• _EXERCISE REQUIREMENTS_
Take the line with "Release: Pavane Pour" and every line after it in the entries below, and set them down exactly, without any pictures.

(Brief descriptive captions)
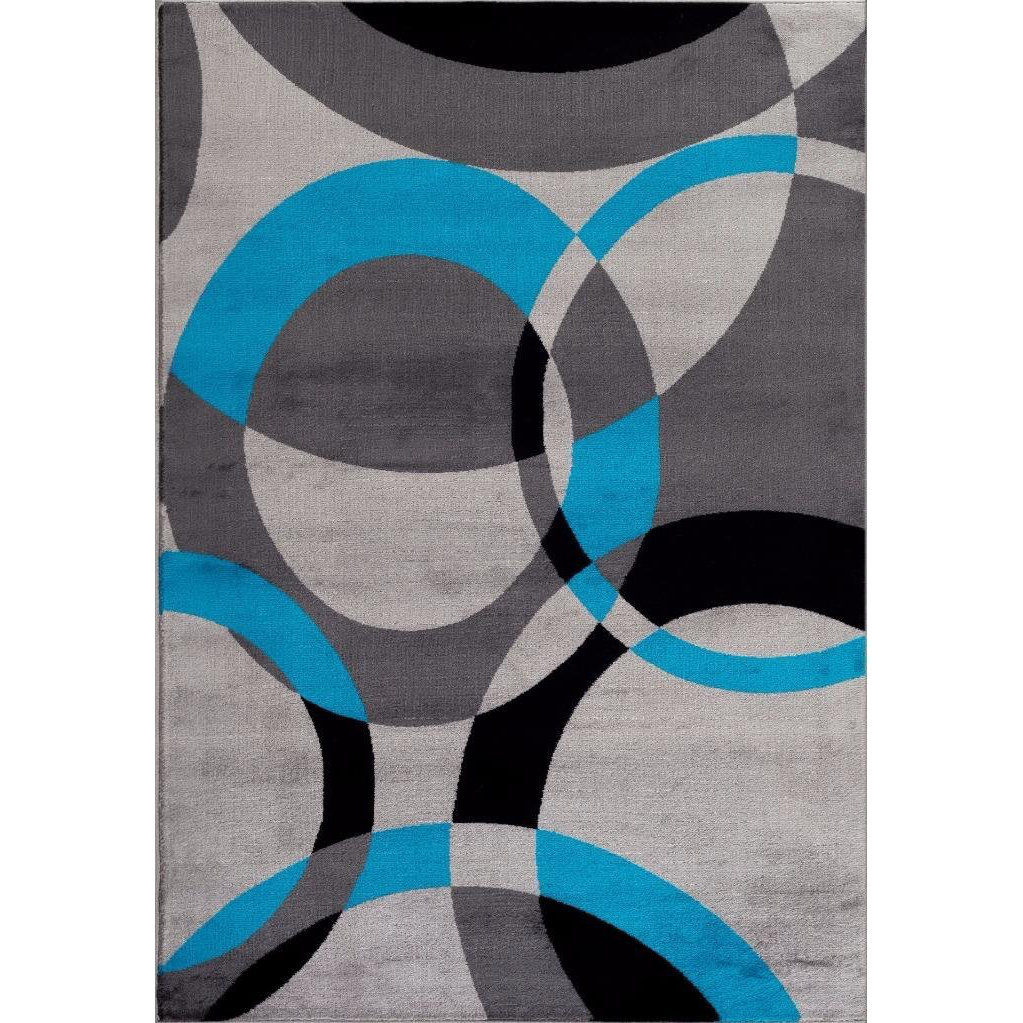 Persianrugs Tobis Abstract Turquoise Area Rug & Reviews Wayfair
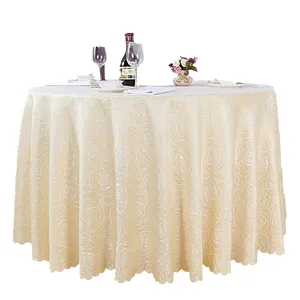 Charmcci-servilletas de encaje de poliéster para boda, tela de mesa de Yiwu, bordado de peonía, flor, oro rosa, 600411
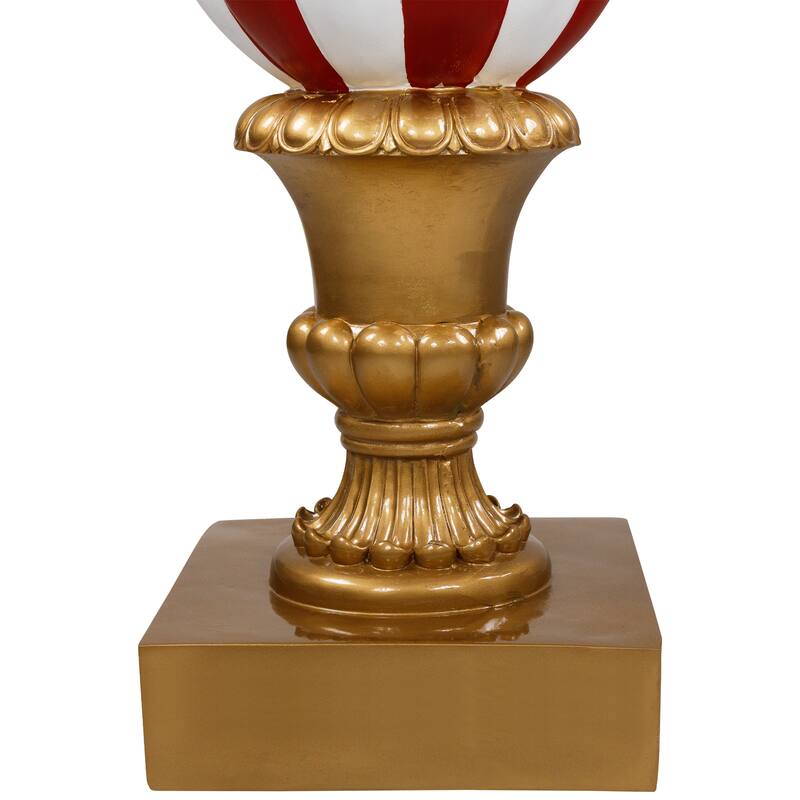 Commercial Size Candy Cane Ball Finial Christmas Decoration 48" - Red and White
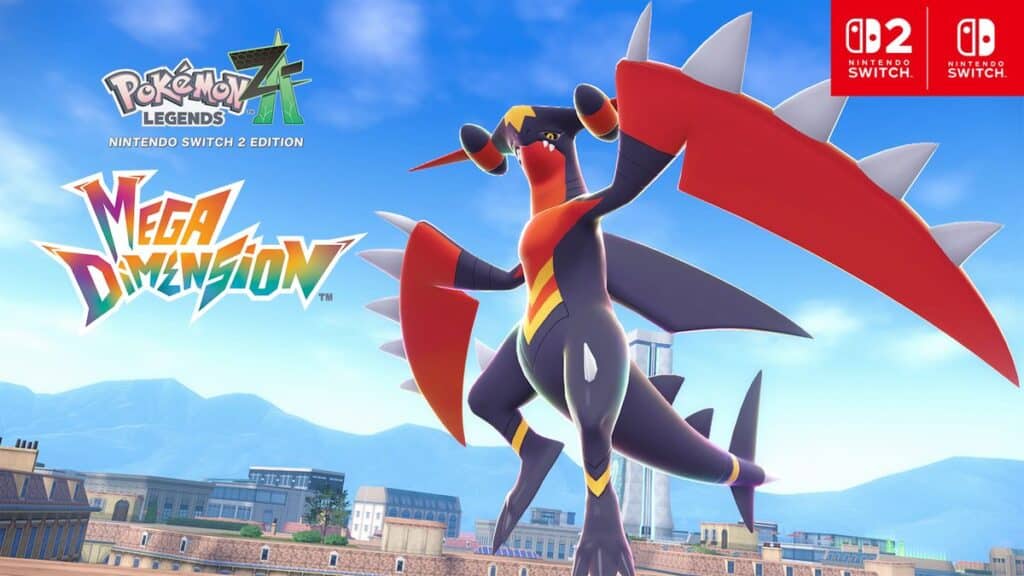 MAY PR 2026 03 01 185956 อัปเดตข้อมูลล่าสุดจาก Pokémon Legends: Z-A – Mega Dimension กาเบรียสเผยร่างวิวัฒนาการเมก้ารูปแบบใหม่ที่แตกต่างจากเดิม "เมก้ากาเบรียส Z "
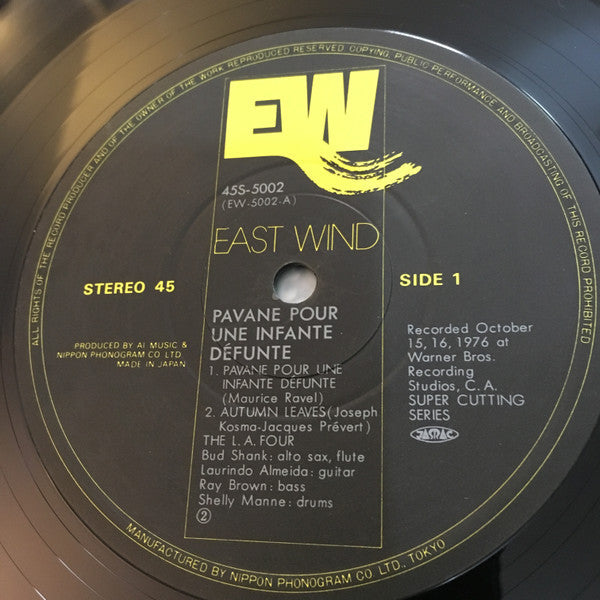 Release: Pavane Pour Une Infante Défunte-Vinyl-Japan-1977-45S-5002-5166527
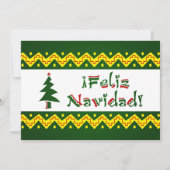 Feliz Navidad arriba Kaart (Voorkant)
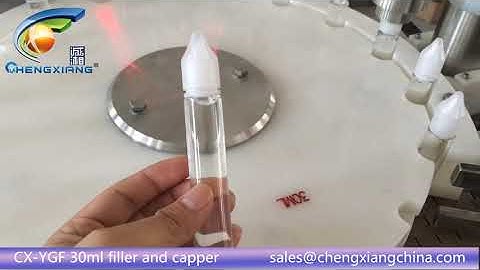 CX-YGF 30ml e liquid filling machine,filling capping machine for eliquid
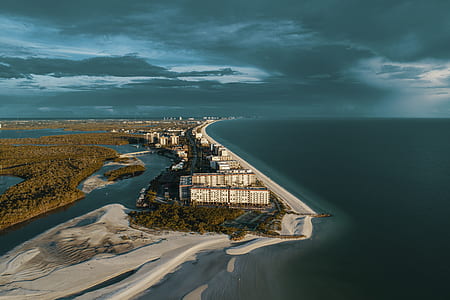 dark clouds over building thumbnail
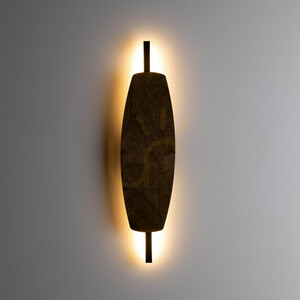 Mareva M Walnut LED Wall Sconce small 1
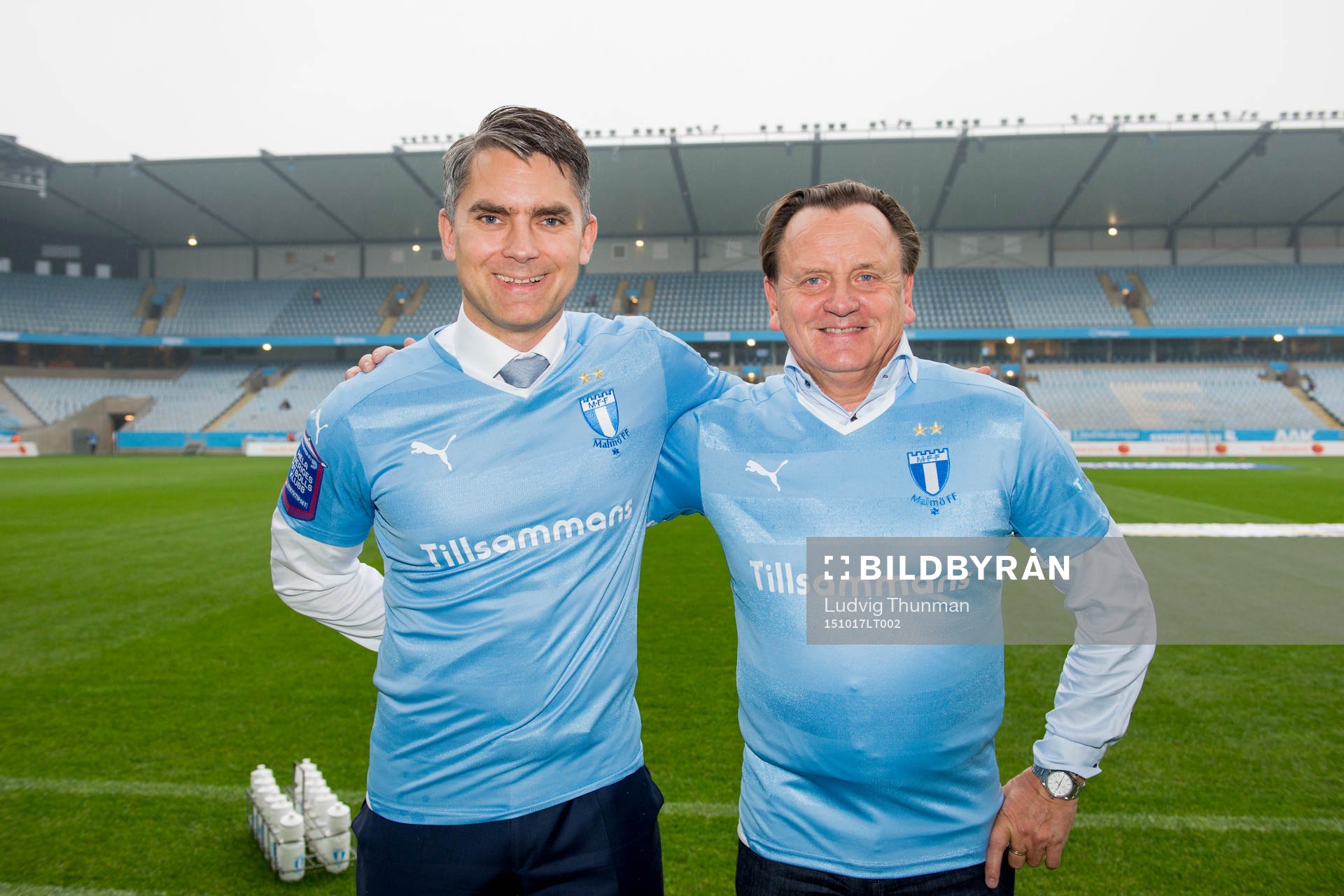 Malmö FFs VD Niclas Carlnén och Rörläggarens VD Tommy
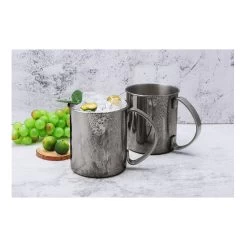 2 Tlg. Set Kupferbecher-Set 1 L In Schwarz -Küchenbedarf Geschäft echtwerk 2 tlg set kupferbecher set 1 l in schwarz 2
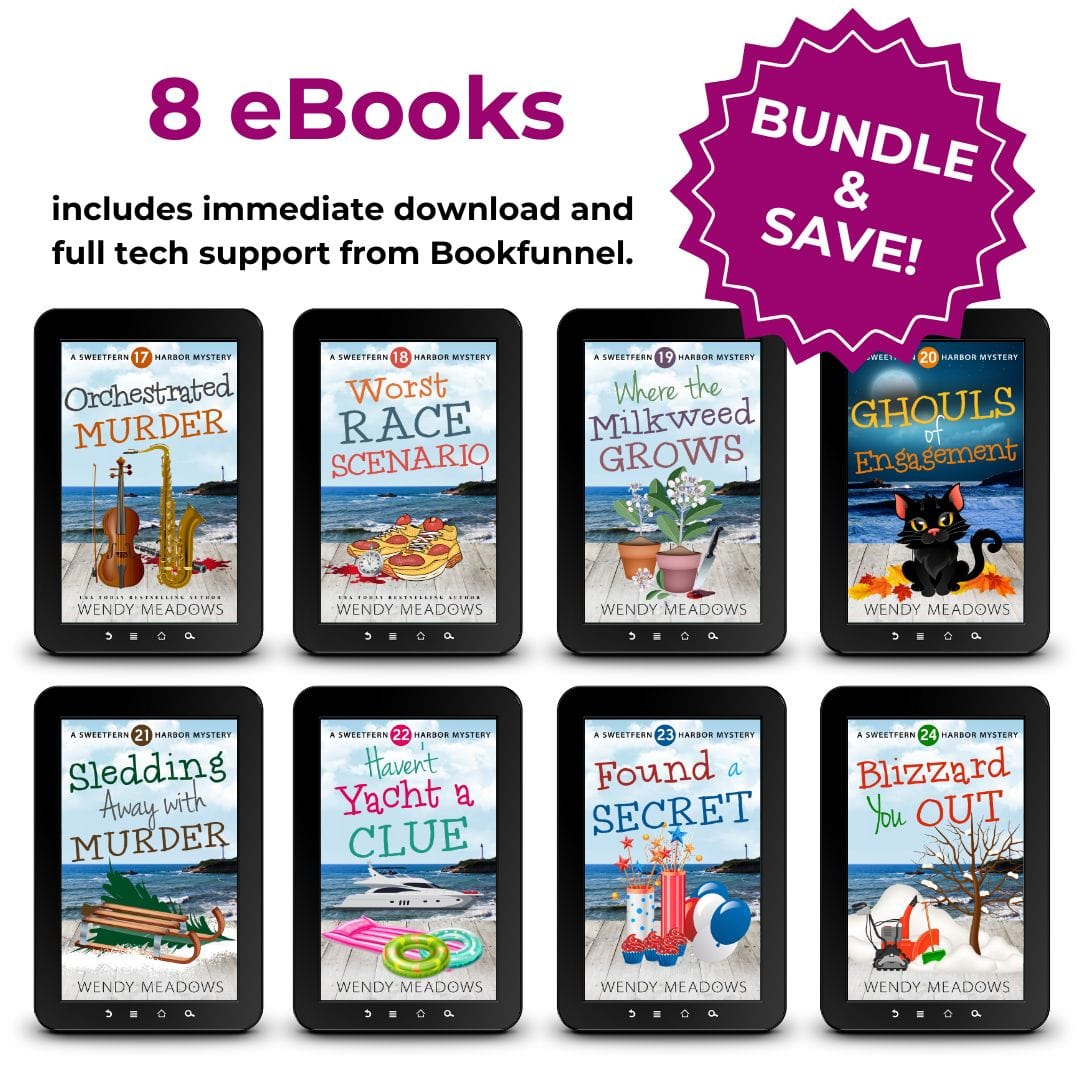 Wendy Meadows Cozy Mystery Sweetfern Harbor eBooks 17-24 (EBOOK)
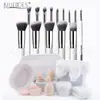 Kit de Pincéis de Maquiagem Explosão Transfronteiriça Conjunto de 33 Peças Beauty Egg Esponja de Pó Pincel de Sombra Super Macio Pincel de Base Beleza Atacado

• _THE COMPLETED TASK_
 Release: Pavane Pour Une Infante Défunte-Vinyl-Japan-1977-45S-5002-5166527
 Feliz Navidad arriba Kaart (Voorkant)
 CX-YGF 30ml e liquid filling machine,filling capping machine for eliquid
 dark clouds over building thumbnail
 Mareva M Walnut LED Wall Sconce small 1
 Malmö FFs VD Niclas Carlnén och Rörläggarens VD Tommy
 2 Tlg. Set Kupferbecher-Set 1 L In Schwarz -Küchenbedarf Geschäft echtwerk 2 tlg set kupferbecher set 1 l in schwarz 2
 Wendy Meadows Cozy Mystery Sweetfern Harbor eBooks 17-24 (EBOOK)
 Kit de Pincéis de Maquiagem Explosão Transfronteiriça Conjunto de 33 Peças Beauty Egg Esponja de Pó Pincel de Sombra Super Macio Pincel de Base Beleza Atacado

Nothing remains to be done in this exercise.